Randy spat and went up to the counter to get another bottle of buttermilk. Bootlicherson bent down to Peretz’s ear and, glancing around cautiously, whispered, “You should be aware that there were classified instructions regarding Candide. I consider it my prerogative to inform you, since you’re an outsider . . .”
“What instructions?”
“That he’s to be presumed alive,” Bootlicherson said in an audible whisper, and moved away. “Nice, fresh buttermilk today,” he pronounced loudly.
The cafeteria filled with noise. People who were done with breakfast were getting up, moving their chairs out of the way, and heading to the exit; they spoke loudly, lit cigarettes, and threw the matches onto the floor. Bootlicherson kept looking around balefully, and addressed everyone who walked past with “What odd behavior, ladies and gentlemen, as you can see, we’re having a conversation . . .”

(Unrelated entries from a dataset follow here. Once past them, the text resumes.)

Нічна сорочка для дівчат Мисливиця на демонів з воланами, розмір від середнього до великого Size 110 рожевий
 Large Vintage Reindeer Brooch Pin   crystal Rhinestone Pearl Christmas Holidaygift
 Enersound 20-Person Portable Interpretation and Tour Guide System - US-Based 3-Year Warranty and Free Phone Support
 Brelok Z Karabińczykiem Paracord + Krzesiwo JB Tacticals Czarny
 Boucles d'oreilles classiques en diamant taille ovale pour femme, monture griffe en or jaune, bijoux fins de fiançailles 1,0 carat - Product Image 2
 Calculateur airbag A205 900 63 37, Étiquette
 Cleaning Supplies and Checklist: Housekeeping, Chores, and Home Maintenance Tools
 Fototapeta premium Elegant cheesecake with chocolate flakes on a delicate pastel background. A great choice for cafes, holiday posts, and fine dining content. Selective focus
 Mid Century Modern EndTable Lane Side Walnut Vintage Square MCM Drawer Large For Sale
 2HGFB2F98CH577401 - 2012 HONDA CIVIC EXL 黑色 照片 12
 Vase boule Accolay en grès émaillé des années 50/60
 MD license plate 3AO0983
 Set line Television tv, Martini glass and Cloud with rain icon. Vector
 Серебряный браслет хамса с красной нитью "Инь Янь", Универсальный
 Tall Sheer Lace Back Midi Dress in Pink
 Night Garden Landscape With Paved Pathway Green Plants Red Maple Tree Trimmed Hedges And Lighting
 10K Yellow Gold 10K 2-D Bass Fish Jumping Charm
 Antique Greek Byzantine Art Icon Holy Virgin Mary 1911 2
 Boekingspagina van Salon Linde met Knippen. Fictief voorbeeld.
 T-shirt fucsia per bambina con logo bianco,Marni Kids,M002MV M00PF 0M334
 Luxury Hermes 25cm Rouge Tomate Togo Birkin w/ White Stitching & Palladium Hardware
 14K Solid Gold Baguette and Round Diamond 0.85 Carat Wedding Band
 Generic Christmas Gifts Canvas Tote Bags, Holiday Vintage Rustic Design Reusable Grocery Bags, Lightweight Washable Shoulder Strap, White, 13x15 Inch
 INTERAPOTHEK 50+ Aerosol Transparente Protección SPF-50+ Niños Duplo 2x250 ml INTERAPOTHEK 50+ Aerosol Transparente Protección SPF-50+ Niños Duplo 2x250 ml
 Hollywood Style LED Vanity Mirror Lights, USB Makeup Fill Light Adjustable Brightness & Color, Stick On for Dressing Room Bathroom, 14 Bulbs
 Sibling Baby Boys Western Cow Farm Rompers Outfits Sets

When Randy returned with a bottle, Peretz said, “Did the garage foreman actually say that he wouldn’t let me use a car? He was probably just kidding?”
“Why would he be kidding? He’s very fond of you, Signor Peretz. He’ll miss you, and what’s in it for him? Say he does let you go, what good does that do him? He wasn’t kidding.”
Peretz bit his lip. “Then how can I leave? There’s nothing left for me to do here. And my visa is ending. And then I’m simply ready to leave.”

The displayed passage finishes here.